If you're looking for this post to tell you how to shave calories from your thanksgiving dinner, you're out of luck. And, if you're seeking advice on whether you should eat white or dark meat or want the five best post-thanksgiving cleanses, you'll have to look elsewhere. But, if you're like us and and are sick of the overthinking, guilt-tripping, and food-shaming that happens every year around the holidays, you've come to the right place.
Plenty of people employ the "eat this, not that" method to health around the holidays. They're terrified of the very foods they enjoy because they fear becoming out of control around them. Excitement to see loved ones is overshadowed by the impending fear of weight-gain. Many decide to set a weight loss goal after the holidays are over, only to come back to the same old shame around food. It doesn't have to be this way! Here are some tips for having a more peaceful experience with food this Thanksgiving:
Eat Breakfast (and snacks) On Thanksgiving Day
We say this every year because it's important! "Saving up" for feasts will only make you more inclined to eat everything in sight. You'll likely come away feeling uncomfortably full from the meal if it's the only thing you've eaten all day. Plus, this communicates to your body that there are stipulations to eating certain foods and that food is an exchange, rather than something that will be available when your body needs it.
Avoid "Food Swaps" That Detract From Satisfaction
It's one thing if you prefer baked sweet potatoes over the kind with butter and sugar because of the taste or texture or because of how it makes you feel. It's quite another if you are constantly sacrificing foods you enjoy for ones you feel are "healthier." The pleasure we derive from food plays a huge role in communicating to us that we've had enough. Even if you're physically full, you may notice you want to continue eating because you didn't enjoy the meal! For example, if you prefer gravy on your potatoes or butter on your roll, don't skip it. You may just find that, instead of eating three or four butterless rolls, just one with butter leaves you feeling content and satisfied. Food is a gift that is meant to be enjoyed, not merely ingested. Savor the foods you enjoy this Thanksgiving!Listen to Your Body, Not Your Grandma (Uncle, Cousin, Co-Worker, etc)
Food pressure can be tricky around the holidays. Tuning into hunger and fullness is a huge part of enjoying your meal, but oftentimes pressure from relatives or friends can cause us to override our internal cues. You might be feeling full, but someone says, "You must still be hungry. Here, have another piece of pie." Or, "Someone needs to finish this turkey off or it will go to waste!" While it's important to show respect, and there are some cultures in which it truly is rude to refuse food, many of us accept the food out of habit or to avoid explaining the situation. The good news is you don't have to explain your entire philosophy on food to politely decline more food in that moment. Phrases like, "That was fantastic, but I couldn't eat another bite," or "Can I take it to go? That turkey was amazing, and I'd love to have it on a sandwich tomorrow," can be ways to compliment the host while still making your boundaries clear.

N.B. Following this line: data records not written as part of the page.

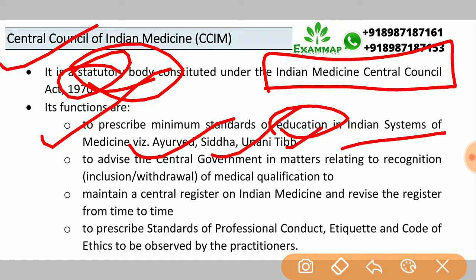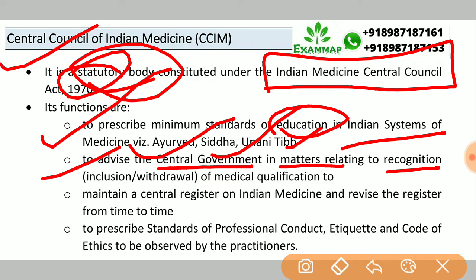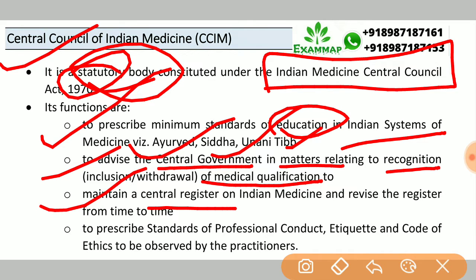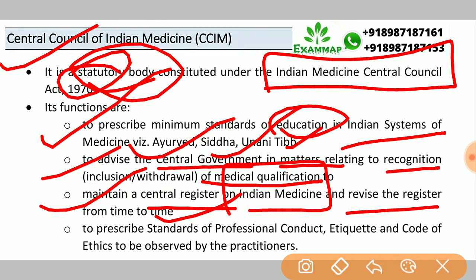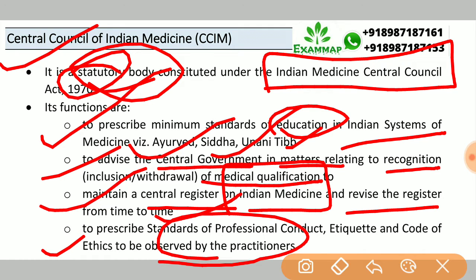Ayurveda, Siddha, and Yunani; to advise the central government in matters relating to recognition of medical qualifications; to maintain a central register on Indian medicine and revise the register from time to time; and to prescribe standards of professional conduct and a code of ethics to be observed by practitioners.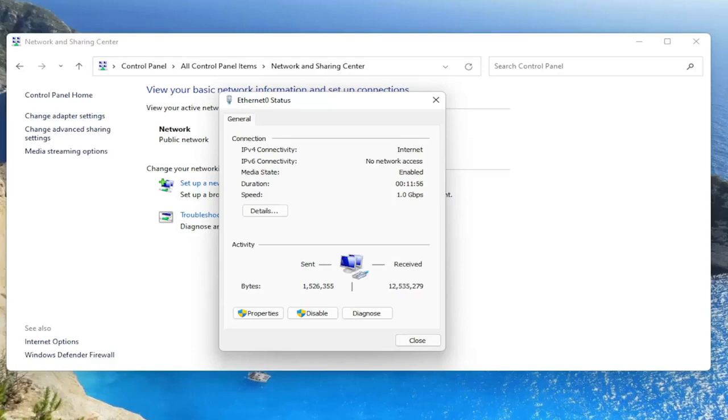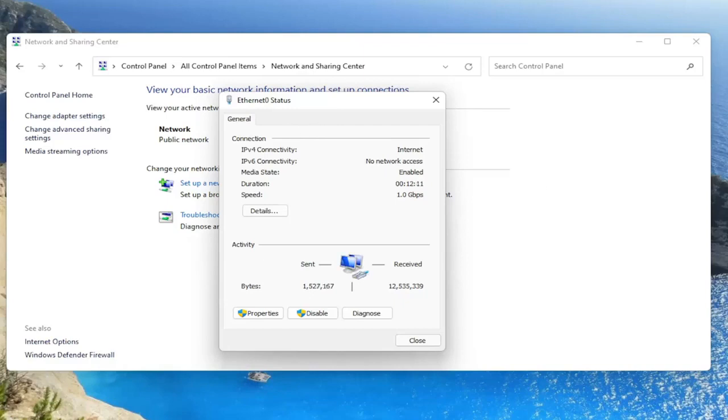So again, a very straightforward process. You would click on wireless properties. Then you would select the security tab on a new window that would open up. And then you would go ahead and select where it says show characters. You would check mark inside of that box and it would show your Wi-Fi credentials.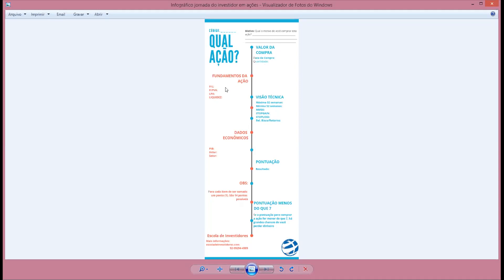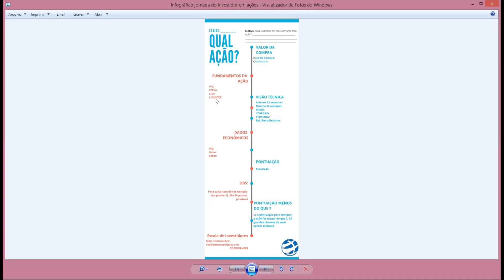Depois disso, você vai olhar os fundamentos: qual é o P/L dela, qual é o P/VPA, qual é o lucro por ação, qual é a liquidez. Se o P/L estiver com retorno maior do que a Selic, eu colocaria um ponto. Se o P/VPA estiver abaixo de 1, você coloca um ponto. Se o lucro por ação está subindo com crescimento alto — pelo menos 10% ao ano anualizado — você coloca um ponto. E se a ação tem grande liquidez, se ela é muito negociada, é mais um ponto.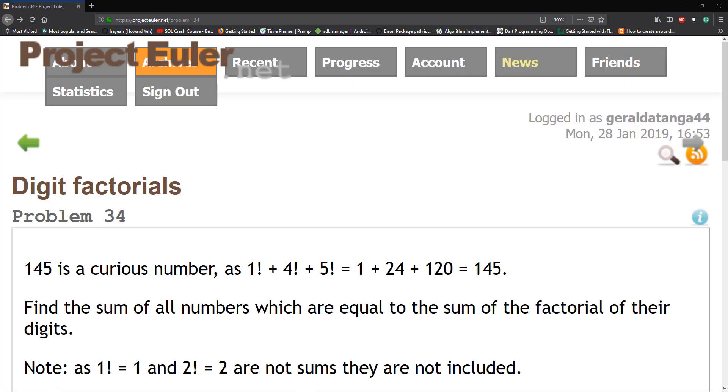Good morning and welcome to Project Euler Series. I'm going to be solving problem 34, digit factorials.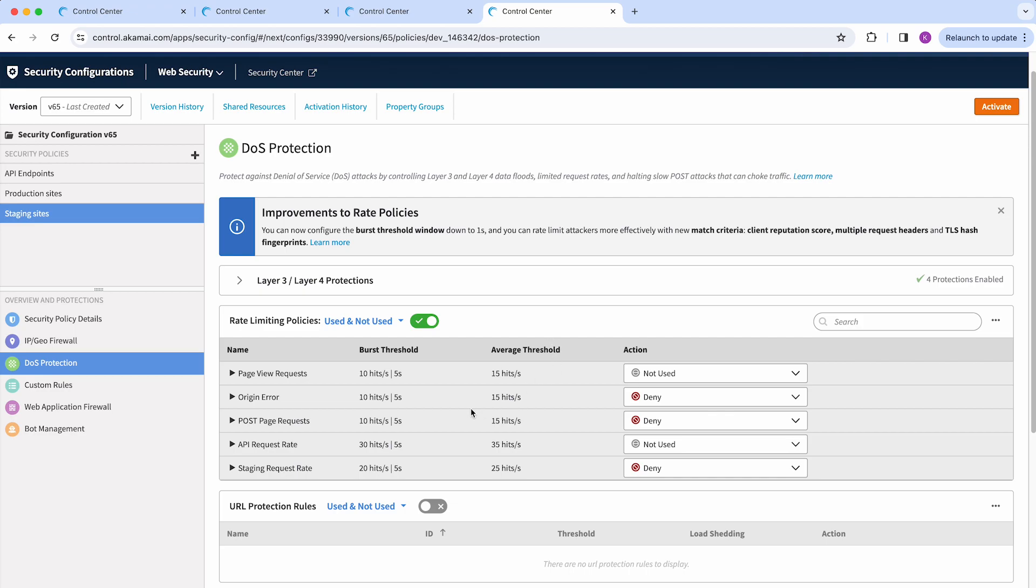Now, with DOS protection, customers can control DDoS attacks or unexpected spikes in traffic. There are rate-limiting policies that can identify clients that may be sending an excessive rate of requests.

Remember Food Is Just One Component Of This Day
It's incredibly ironic that a day intended to be a time of enjoying fellowship and good food can be turned into total guilt or fear surrounding those very things. While it's unlikely that anyone's holiday will be totally stress free, it's also important to recognize that much unnecessary stress can come from obsessing and guilt-tripping about pumpkin pie. One day isn't going to change your body's composition or cause your blood pressure to skyrocket. However, being disconnected from loved ones because of food anxiety does have much longer-lasting impacts. Choose to savor food, listen to cues, and be emotionally present with family members this Thanksgiving. Your health and your family will thank you.